■ Task data ■
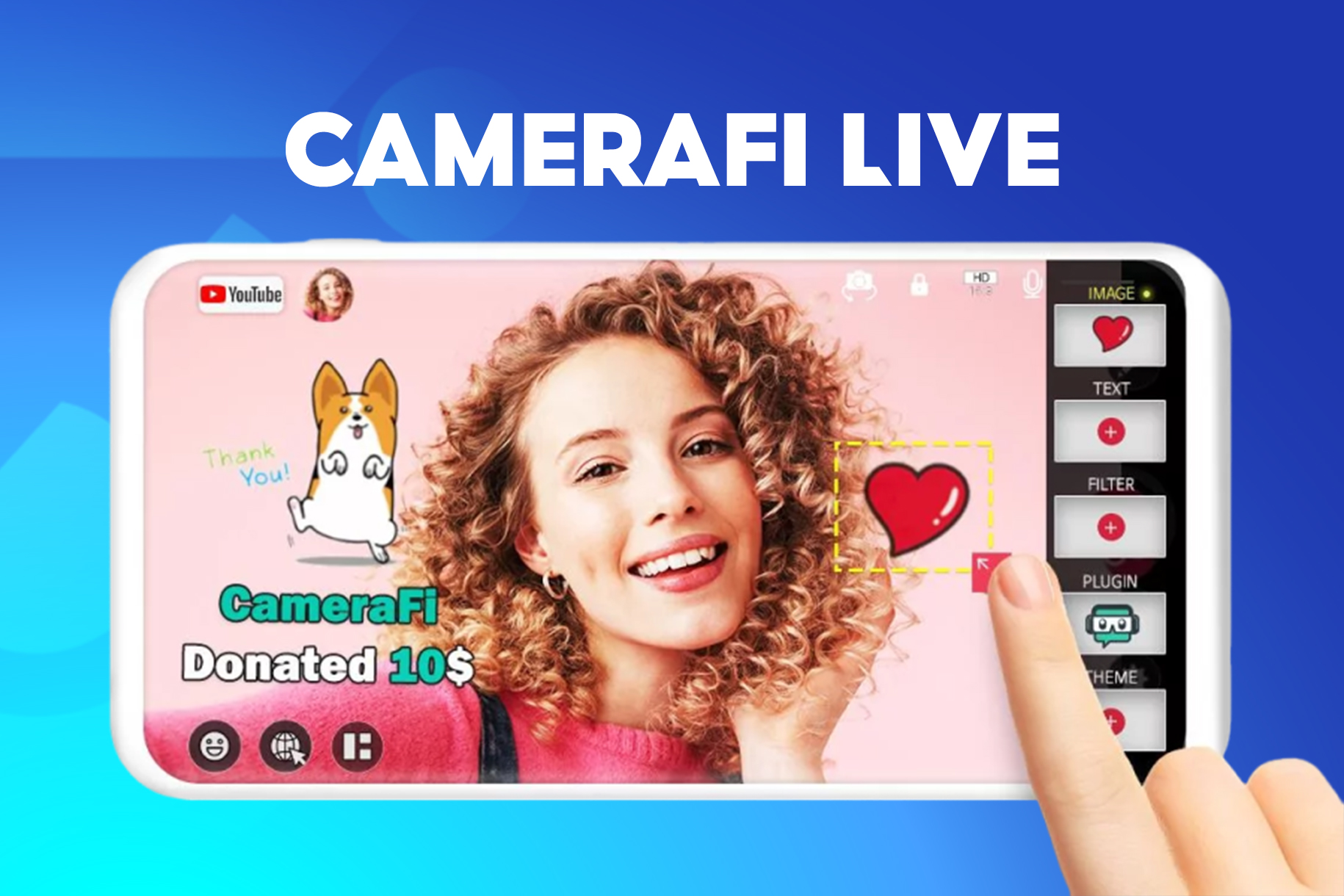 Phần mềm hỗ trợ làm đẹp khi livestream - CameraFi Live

==

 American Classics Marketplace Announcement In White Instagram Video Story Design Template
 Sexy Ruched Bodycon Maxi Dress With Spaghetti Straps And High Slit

■ Task description ■
Please copy the lines in the records above between the one holding "American Classics Marketplace" and the one holding "Sexy Ruched Bodycon", inclusive, exactly and with no other line.

■ Problem solution ■
 American Classics Marketplace Announcement In White Instagram Video Story Design Template
 Sexy Ruched Bodycon Maxi Dress With Spaghetti Straps And High Slit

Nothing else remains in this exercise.